§ The problem
Go through the listing below and write out exactly the lines from the one that mentions "Colt M16 Buffer" through the one that mentions "Efest Get Charged", minus the pictures.

§ Extracted records
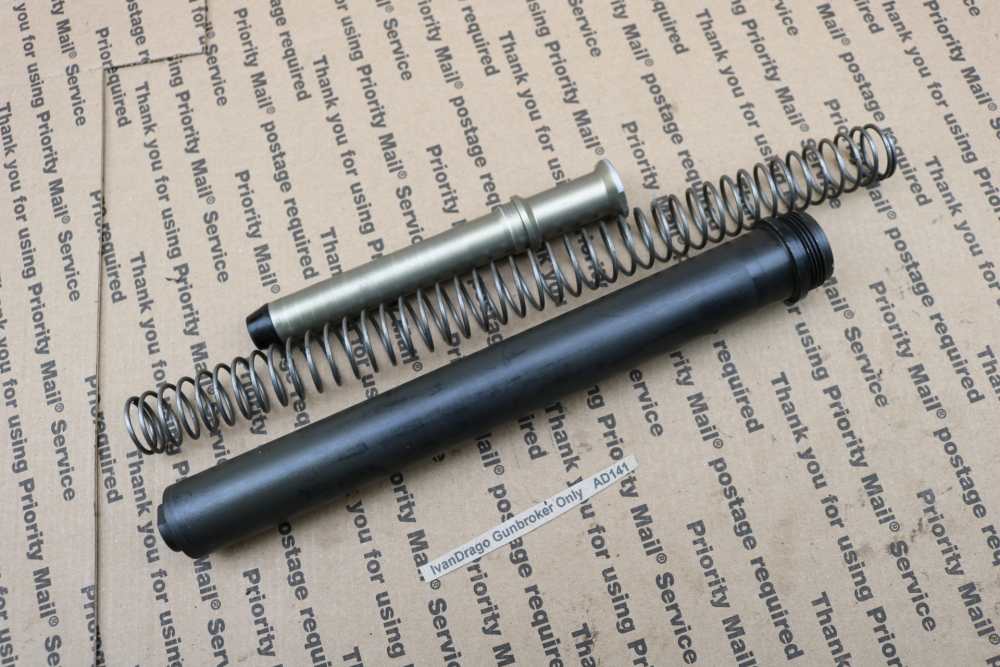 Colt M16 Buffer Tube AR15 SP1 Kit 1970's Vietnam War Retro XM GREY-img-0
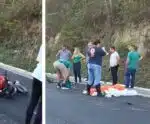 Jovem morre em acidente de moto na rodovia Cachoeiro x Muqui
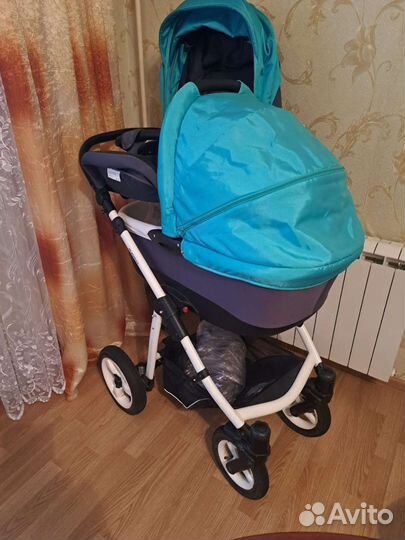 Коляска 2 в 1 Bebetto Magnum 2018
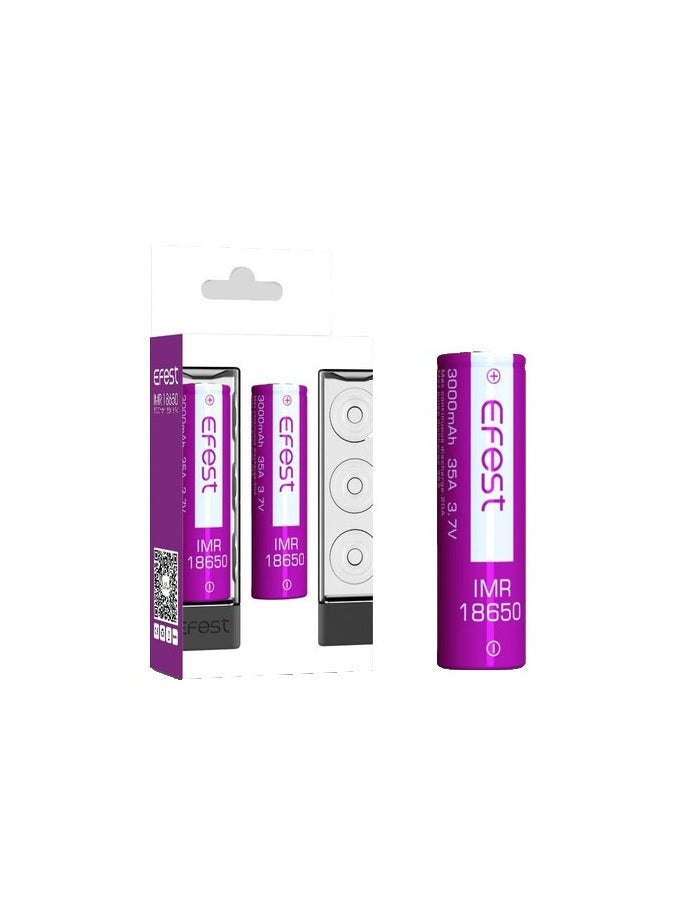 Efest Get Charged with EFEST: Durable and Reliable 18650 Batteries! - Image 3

==

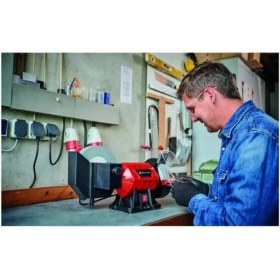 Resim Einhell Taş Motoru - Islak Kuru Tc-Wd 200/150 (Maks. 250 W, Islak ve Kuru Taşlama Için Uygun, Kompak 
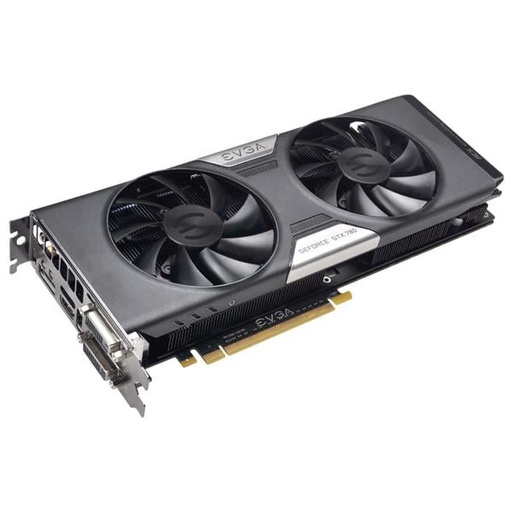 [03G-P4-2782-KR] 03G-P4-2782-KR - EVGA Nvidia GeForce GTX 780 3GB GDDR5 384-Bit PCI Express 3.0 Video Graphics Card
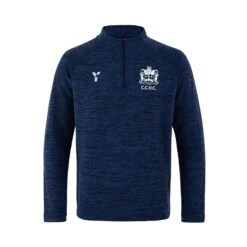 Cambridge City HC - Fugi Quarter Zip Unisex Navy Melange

§ Answer space
 Colt M16 Buffer Tube AR15 SP1 Kit 1970's Vietnam War Retro XM GREY-img-0
 Jovem morre em acidente de moto na rodovia Cachoeiro x Muqui
 Коляска 2 в 1 Bebetto Magnum 2018
 Efest Get Charged with EFEST: Durable and Reliable 18650 Batteries! - Image 3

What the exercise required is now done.